Staunton, October 10 – Russian statehood today is the direct and logical successor of the political system set up by the Mongol khans, according to a new book by a Khakass historian that systematizes arguments others have made on this point earlier but in a way that has sparked a sharp debate in the Russian blogosphere.
A major reason for that is that its author is a member of a Turkic nationality which descends from the Golden Horde.

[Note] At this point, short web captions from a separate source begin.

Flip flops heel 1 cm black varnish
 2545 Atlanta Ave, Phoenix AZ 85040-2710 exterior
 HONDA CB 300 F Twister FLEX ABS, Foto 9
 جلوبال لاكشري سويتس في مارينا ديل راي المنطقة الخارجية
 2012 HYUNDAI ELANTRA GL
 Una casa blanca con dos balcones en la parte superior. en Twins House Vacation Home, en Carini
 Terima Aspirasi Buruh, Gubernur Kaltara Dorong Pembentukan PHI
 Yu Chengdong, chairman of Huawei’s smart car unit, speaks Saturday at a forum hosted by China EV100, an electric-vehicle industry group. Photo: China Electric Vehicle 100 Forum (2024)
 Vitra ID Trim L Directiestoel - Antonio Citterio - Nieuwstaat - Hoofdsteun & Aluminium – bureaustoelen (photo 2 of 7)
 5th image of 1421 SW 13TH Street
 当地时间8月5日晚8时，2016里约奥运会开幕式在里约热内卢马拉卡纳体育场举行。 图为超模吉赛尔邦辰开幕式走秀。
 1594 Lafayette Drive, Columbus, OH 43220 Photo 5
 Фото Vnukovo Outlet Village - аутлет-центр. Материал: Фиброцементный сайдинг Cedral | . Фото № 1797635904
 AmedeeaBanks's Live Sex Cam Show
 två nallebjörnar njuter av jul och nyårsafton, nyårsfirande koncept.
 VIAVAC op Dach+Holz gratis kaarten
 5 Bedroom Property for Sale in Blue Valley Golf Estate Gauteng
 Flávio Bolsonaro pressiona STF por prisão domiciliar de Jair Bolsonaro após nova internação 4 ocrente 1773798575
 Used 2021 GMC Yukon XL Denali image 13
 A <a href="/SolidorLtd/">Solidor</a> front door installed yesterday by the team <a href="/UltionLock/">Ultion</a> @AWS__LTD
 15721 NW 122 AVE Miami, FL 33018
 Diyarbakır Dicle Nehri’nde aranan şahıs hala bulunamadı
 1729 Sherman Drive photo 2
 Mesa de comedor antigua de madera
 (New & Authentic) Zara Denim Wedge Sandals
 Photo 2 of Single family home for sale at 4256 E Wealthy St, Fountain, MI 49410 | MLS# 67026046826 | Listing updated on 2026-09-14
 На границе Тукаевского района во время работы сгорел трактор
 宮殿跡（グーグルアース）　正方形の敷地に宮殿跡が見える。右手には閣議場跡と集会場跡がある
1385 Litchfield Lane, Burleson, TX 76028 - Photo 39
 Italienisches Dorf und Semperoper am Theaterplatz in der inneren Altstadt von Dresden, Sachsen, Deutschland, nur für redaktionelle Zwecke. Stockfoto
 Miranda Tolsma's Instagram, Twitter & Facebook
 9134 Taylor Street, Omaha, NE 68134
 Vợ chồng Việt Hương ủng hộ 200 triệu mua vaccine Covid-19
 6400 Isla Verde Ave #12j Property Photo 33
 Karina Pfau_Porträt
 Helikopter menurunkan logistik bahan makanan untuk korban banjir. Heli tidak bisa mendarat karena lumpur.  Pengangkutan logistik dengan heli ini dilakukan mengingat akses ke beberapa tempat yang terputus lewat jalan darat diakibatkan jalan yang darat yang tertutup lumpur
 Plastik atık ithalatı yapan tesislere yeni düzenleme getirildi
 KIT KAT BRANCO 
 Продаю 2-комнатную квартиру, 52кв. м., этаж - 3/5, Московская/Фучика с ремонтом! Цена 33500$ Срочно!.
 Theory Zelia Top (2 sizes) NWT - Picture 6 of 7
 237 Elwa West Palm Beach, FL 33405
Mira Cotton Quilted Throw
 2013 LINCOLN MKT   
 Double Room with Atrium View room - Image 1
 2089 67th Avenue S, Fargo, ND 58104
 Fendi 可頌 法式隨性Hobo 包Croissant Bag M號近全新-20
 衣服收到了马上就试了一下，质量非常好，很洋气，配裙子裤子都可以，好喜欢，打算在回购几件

In that, he resembles the Kazakh Olzhas Suleymanov, whose 1976 volume “Az i Ya,” a study of the Mongol conquest from the Mongol rather than the Russian perspective, generated so much controversy earlier
Last spring, Gennady Tyundeshev (Kharlamoos), a scholar at the Institute of History and Law at Khakhas State University, published a book entitled The Great Khan Baty – Founder of Russian Statehood (in Russian; Minusinsk, 2013; ISBN 978-5-9903950; 1000 copies; partial text available at tengrifund.ru/wp-content/library-tengrifund/Velikii%20Khan%20Batyi.pdf).
Tyundeshev argues, according to the Tolkovatel blog, that “the administration of Russia up to now is carried out according to a System set up in the Golden Horde” and that this involves a combination of the values of “Confucian legality” and “submission to the Boss” (ttolk.ru/?p=18852).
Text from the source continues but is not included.